Exercise prompt:
Repeat the data in full and exactly. Leave the pictures out.

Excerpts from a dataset
○ ○ ○ ○

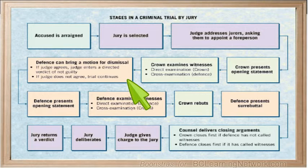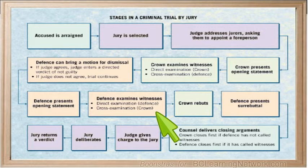If not, the trial continues. The defense now presents its opening statements and summarizes its case. The defense examines the witnesses, and may choose to call witnesses to refute the testimony provided by the Crown's witnesses, or to show a reasonable doubt. The procedure of direct examination by the defense and cross-examination by the Crown is repeated. The accused may choose to testify on his or her own behalf, but cannot be compelled to do so.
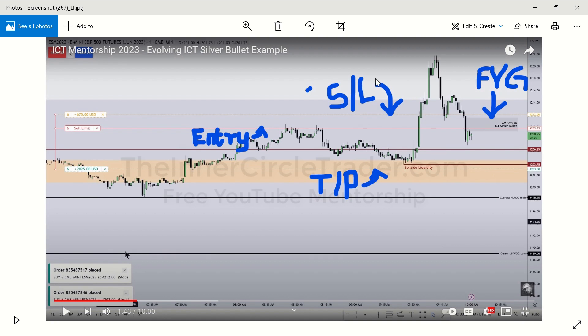So those are just two examples of trades that he took in the videos that I just showed you. So this is what we'll be trying to automate, and once I automate it then I'll backtest it and we can look at the results.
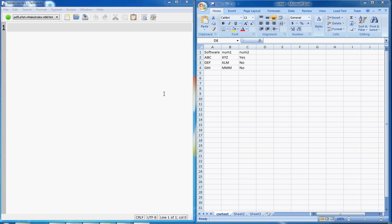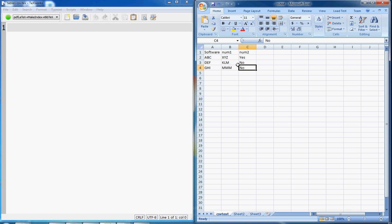Hello everyone and welcome to quicklatex.blogspot.com series of video tutorials. In this tutorial I am going to talk about how to use data from Excel in your LaTeX document. For instance, if you want to create a table based on data in an Excel sheet, how can you do that?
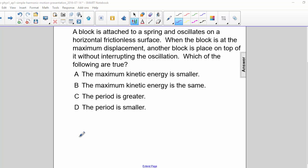A block is attached to a spring and oscillates on a horizontal frictionless surface. When the block is at the maximum displacement, another block is placed on top of it without interrupting the oscillation. Which of the following are true?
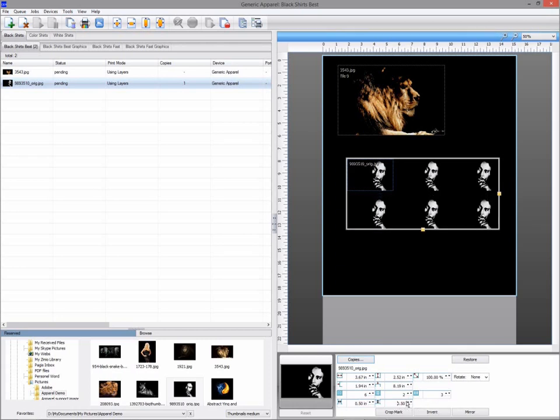If you want complete freedom from a layout perspective, fixed sheets will give you the ability to lay out multiple jobs wherever and however you wish.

○ ○ ○ ○

Solution for this exercise:
If not, the trial continues. The defense now presents its opening statements and summarizes its case. The defense examines the witnesses, and may choose to call witnesses to refute the testimony provided by the Crown's witnesses, or to show a reasonable doubt. The procedure of direct examination by the defense and cross-examination by the Crown is repeated. The accused may choose to testify on his or her own behalf, but cannot be compelled to do so.
So those are just two examples of trades that he took in the videos that I just showed you. So this is what we'll be trying to automate, and once I automate it then I'll backtest it and we can look at the results.
Hello everyone and welcome to quicklatex.blogspot.com series of video tutorials. In this tutorial I am going to talk about how to use data from Excel in your LaTeX document. For instance, if you want to create a table based on data in an Excel sheet, how can you do that?
A block is attached to a spring and oscillates on a horizontal frictionless surface. When the block is at the maximum displacement, another block is placed on top of it without interrupting the oscillation. Which of the following are true?
If you want complete freedom from a layout perspective, fixed sheets will give you the ability to lay out multiple jobs wherever and however you wish.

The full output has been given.